TrAvELAr writes: "'There is a backlog,' says Mark Croft, lead product manager for Windows XP. According to this article on IDG, Microsoft has underestimated it's popularity of the new Windows XP family license. In an effort to slow piracy within single households, Microsoft has introduced the family license which will allow the user to install multiple copies of it's Windows XP operating system at a slightly discounted price of a $10 savings. Croft also states that the savings reflects the cost of Microsoft not having to produce another disc."

9 of 340 comments (clear)

  1. Ooh, Ten Dollars. by The+Raven · · Score: 5, Insightful

    I don't think a ten dollar savings is going to stave off piracy on a 90+ dollar OS. Leaving off production costs is the START of sane pricing, not the END of a plan to give a price break for multiple purchases.

    --
    "I will trust Google to 'do no evil' until the founders no longer run it." Hello Alphabet.
    1. Re:Ooh, Ten Dollars. by guusbosman · · Score: 4, Insightful

      I assume this 10$ discount wouldn't make a huge difference for many people deciding to buy or not buy. However, Microsoft makes a more 'friendly' impression offering a license like this one. I think there are many people who actually don't mind paying for licenses, and they would get a good feeling: 'wow, I just saved 10 dollar!'. So it's a matter of customer friendliness, not so much as anti-piracy policy.

  2. So What? by m_evanchik · · Score: 5, Insightful

    Why is everyone always bitching when Microsoft tries to milk its customers? The more people get milked, the more they consider their alternatives.

    Let Microsoft double its price for the second installation and make software piracy a capital offense. I assure you that would increase the use of open-source software.

  3. Ooh, Windows XP... by digitalunity · · Score: 3, Insightful

    Why bother? I've found Windows XP to be less than 100% compatible with games. For the home user, compatability and useability rules. I've found Windows XP to be easy to use, but has some serious issues with a few games. These issues often require software developer issued patches to correct the issue. That's a lot of work for the casual non-technical home user. I simply don't recommend it. Why not stick with Win98? It is fairly stable, plays games like a champ, has much greater driver support, and is easily obtained.

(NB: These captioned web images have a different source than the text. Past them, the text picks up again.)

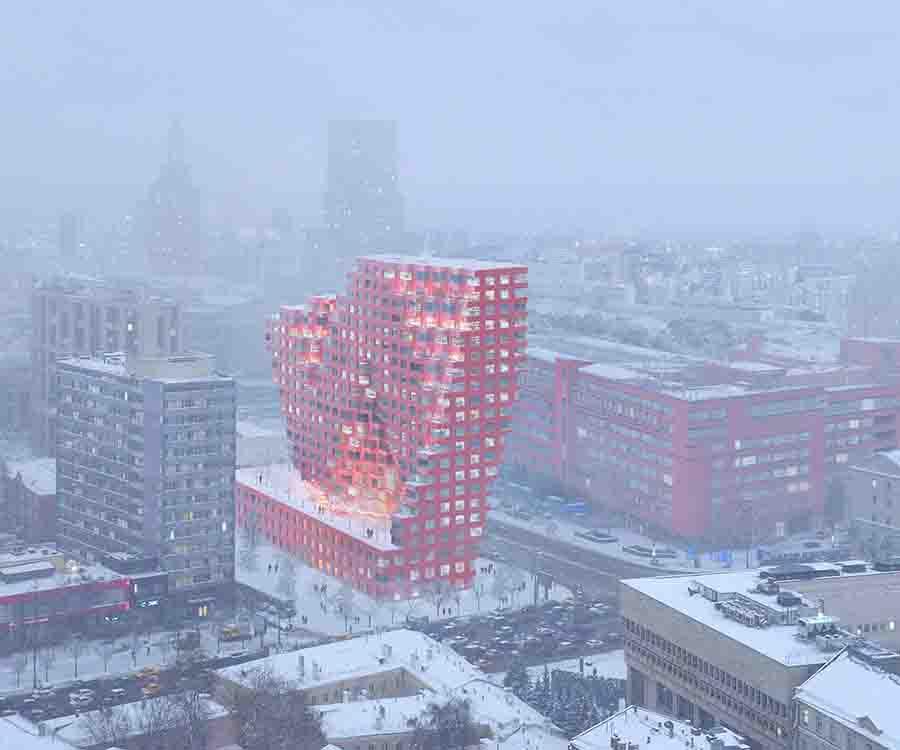 „Red 7“ färbt Moskaus Zentrum rot (Bild: MVRDV)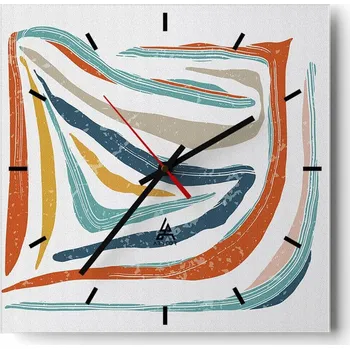 Hodiny Velké nástěnné hodiny 40x40 Boho Skleněné hodiny Čtvercové Tiché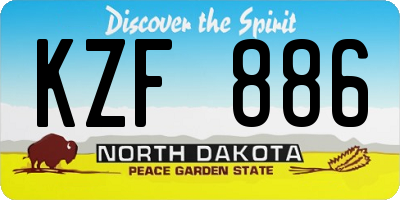 ND license plate KZF886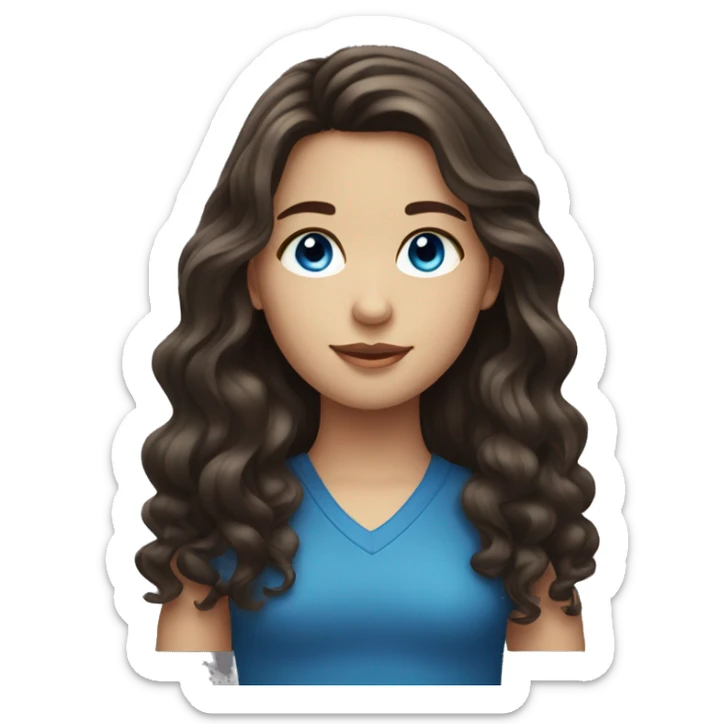 A girl with long dark brown wavy hair and blue eyes sticker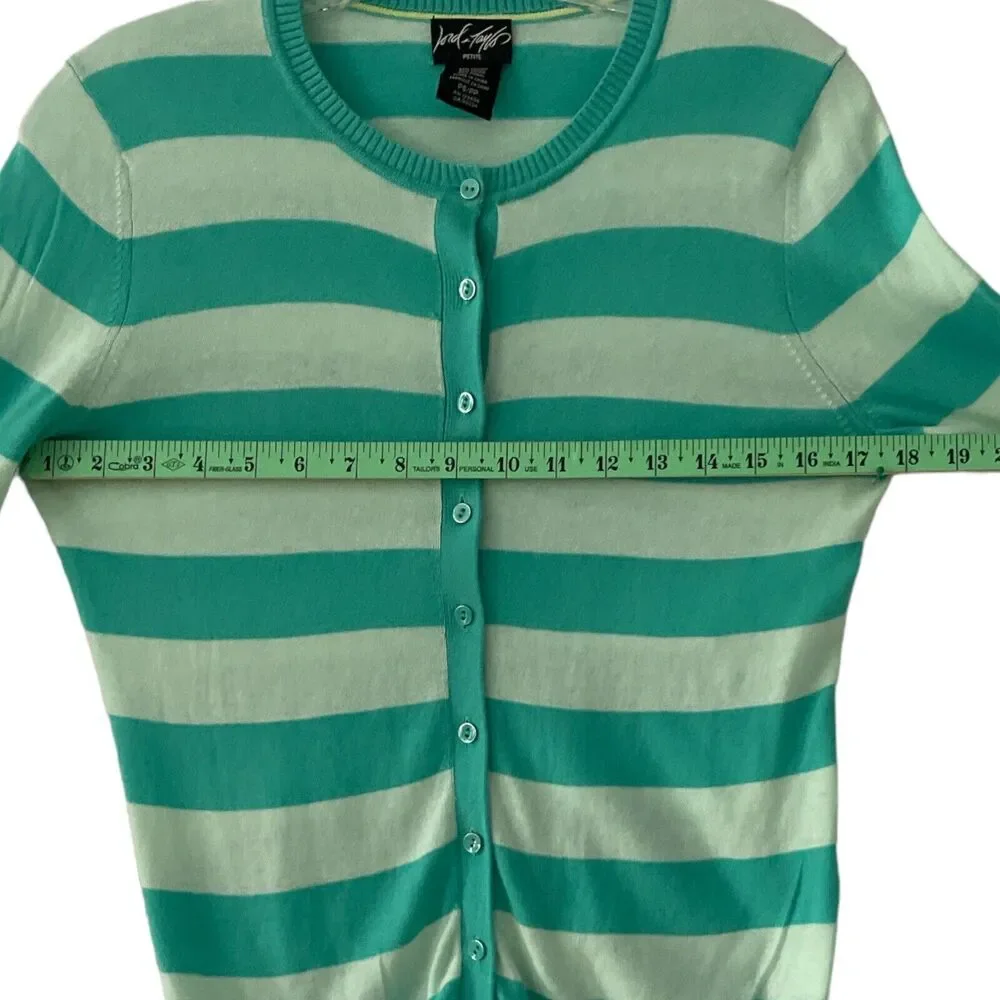 Lord & Taylor Women's Green Striped Button Up Cardigan Modal Sz /Petite small - Picture 8 of 10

    Like the article stated, the average geek isn't going to like reactivating XP every time the change 6 components. There certainly could have been a better way to do it. It's just not the preferred OS in anybody's house.

    Just my 2.

    --
    You can't legislate goodness. Let each to his own destiny, by will of his freely made choices.
  4. licensing poorly thought out by 47PHA60 · · Score: 5, Insightful

    I am not sure why they could not could not have tied the activation scheme into a credit card system to allow you to purchase additional licenses at install time.

    Just tell the SSL web page how many computers you want to install on, pay $10-$15 for each additional license (not $80), and receive an activation code that you transmit to the central server each time you install on a new machine (and will work up to the number of licenses you bought).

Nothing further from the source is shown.